Farmers in Scotland could face hefty price deductions on oilseed rape after finding unusually high levels of free fatty acids (FFA) in some samples.
United Oilseeds and Openfield have both found potentially high FFA contents in cargoes from Dundee, and are waiting for time-consuming laboratory tests to confirm whether levels exceed the contractual maximum of 2%. If so, end users could withhold a proportion of payment to cover extra costs involved in removing the FFAs to prevent a loss in food-grade oil quality.
The problem was compounding a bad year for Scottish growers, who had suffered poor yields and higher than expected growing costs, said Peter Loggie, combinable crops policy manager at NFU Scotland.
With FFA levels ranging from well below 2% to almost 10% in some samples, it was likely that all rapeseed loads would be tested at intake – a process that was expected to take 10-15 days. “During that period, it would appear that part of the payment or oil premium will be withheld and returned should the sample pass.”
“It’s normally a sign of rancid rapeseed, so it’s surprising to see high FFA levels off the combine. It is an early indication that there may be a problem – but equally there may not. We don’t want to cry wolf, but any claims that are levied will have to be passed on to the relevant farmers.”
John Thorpe, Openfield
Merchants were withholding roughly £30-£40/t pending sample results, and Mr Loggie urged them to ensure testing was completed quickly so payment could be made within the normal 28-day contractual window.
Owen Cligg, trading manager at United Oilseeds, said he hoped to get sample results from a bulk shipment soon. “I would expect fallbacks of 2-4% of the contract price where FFA contents are at 2-3%. But we’re still at an early stage, and there is a lot of work to do to establish what is in bulk stores.”
Tests were expensive, at £76 plus VAT – equivalent to about £2.50/t. “At the moment the merchant has to foot that bill – once we get the results we will know the level of problem we’re dealing with.”

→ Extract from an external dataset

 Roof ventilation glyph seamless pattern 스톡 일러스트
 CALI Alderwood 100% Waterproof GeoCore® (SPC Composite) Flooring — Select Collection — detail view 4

John Thorpe, head of oilseeds at Openfield, said the problem had taken the industry by surprise. “It’s normally a sign of rancid rapeseed, so it’s surprising to see high FFA levels off the combine. It is an early indication that there may be a problem – but equally there may not. We don’t want to cry wolf, but any claims that are levied will have to be passed on to the relevant farmers.”